Ella, desde la primera línea de su libro, se lleva puesto al lector en el caudal de sus digresiones.
Leí en ‘Los diarios de Kafka’ la descripción de cómo se sentía poner su escritura en marcha: “Este aparejo en mi interior. En algún lugar oculto se mueve una palanquita, uno apenas se da cuenta en el primer instante, y he aquí que ya está en movimiento todo el mecanismo. Sometido a un poder incomprensible, tal como el reloj parece sometido al tiempo, aquí y allá se oyen chasquidos y todas las cadenas, una tras otra, chirrían mientras recorren el tramo que les está prescrito”.
Imaginé ese momento en el que el mecanismo empieza a funcionar como si respondiera a una voluntad independiente del artista y que solo necesita un guiño que signifique ‘estoy listo’. En el caso del escritor, ocurre como si el texto ya estuviera acabado, viviendo y respirando en una instancia distinta. Es la obra entera e impaciente la que revela sus ganas de nacer. A ella algo le avisa que llegó su hora. Tal vez eso signifique detener el ruido: escribir. “¿De dónde me sale esta perseverancia para escribir sin impulso?”, se pregunta.
Sentí que era aquel mecanismo al que se refería Kafka el que también iba marcando en el corazón de la escritora Carolina Sanín su propio compás inexorable.

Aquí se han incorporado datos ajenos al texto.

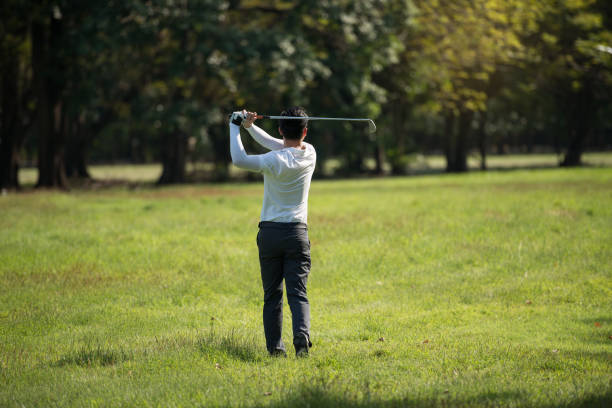 istock Golfers asia man show hit sweeping at green lawn 950511218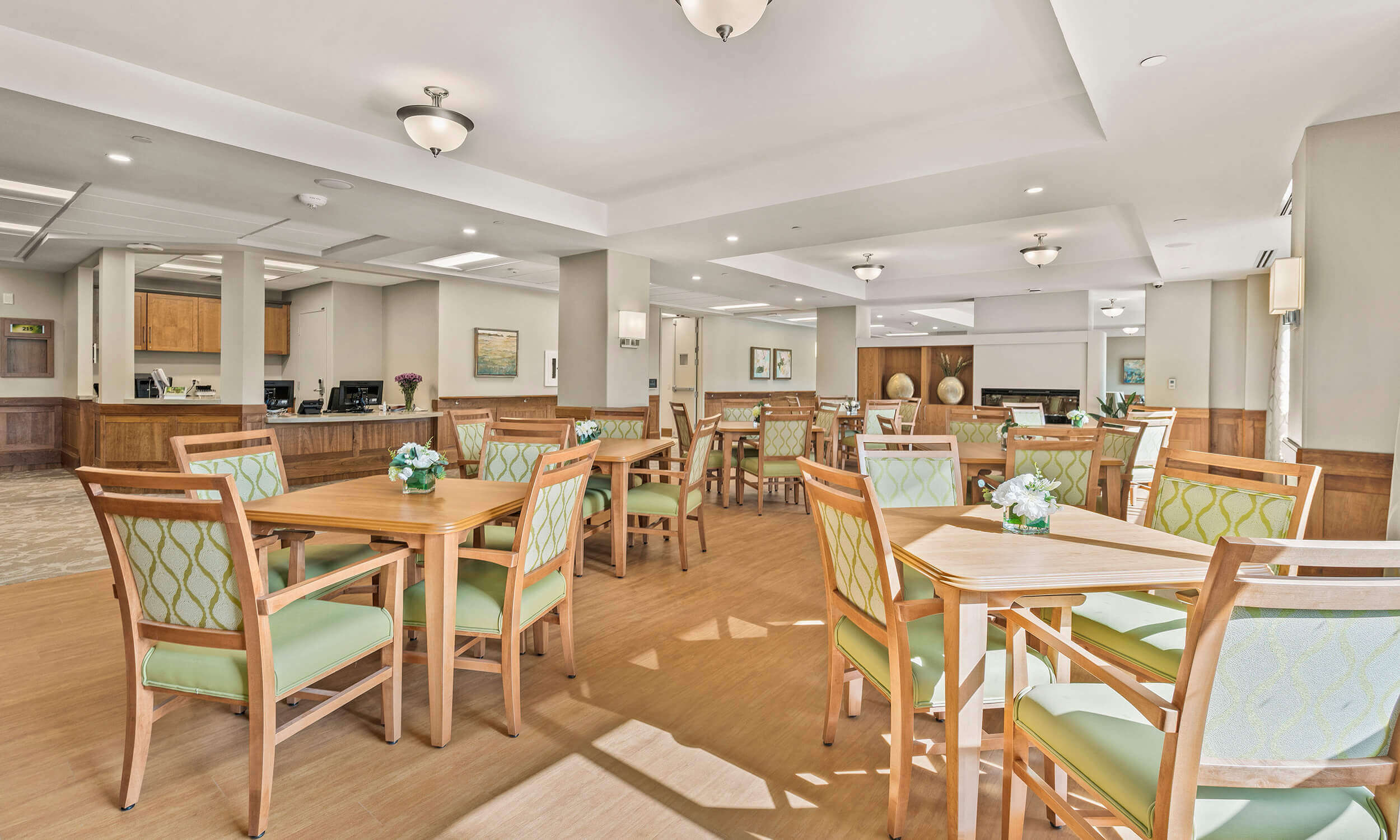 Dining room of retirement home with eight wooden set tables and chairs with green cushioning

Al principio de su más reciente libro, ‘Tu cruz en el cielo desierto’, confiesa cómo se rinde ante el acoso de una historia personal que, como un fruto muy maduro, a través de ella cumplía su destino de dejarse caer y romperse. Reventado, ese fruto desnuda el drama y la impudicia de sus carnes, perfumes y viscosidades desperdiciadas en el suelo de su cuerpo y alma desposeídos, pero no en el lenguaje, que recogió con elegancia y dulzura todos sus restos.
Cuenta que se apasionó por un poeta chileno que vive en China y que conoció en Twitter. Yo, que la sigo por todos lados, estaba al tanto de que andaba ‘tragada’ y me acordaba muy bien de los trinos que transcribió luego en el libro. Me dispuse a leer como cualquier voyerista. Quise espiar cómo se habían amado esos dos. Pero ella, desde la primera línea, se lleva puesto al lector en el caudal de sus brillantes digresiones y autoanálisis sobre su sentir cotidiano, anudando con ellos un erotismo erudito, bestial y pornográfico.
Los herrajes de su ‘aparejo’ son tan sofisticados que lo santo y lo obsceno brillan con la misma majestad a la luz de la palabra, su amante salvífica, que bajó del cielo para ayudarle a cargar su cruz enamorada.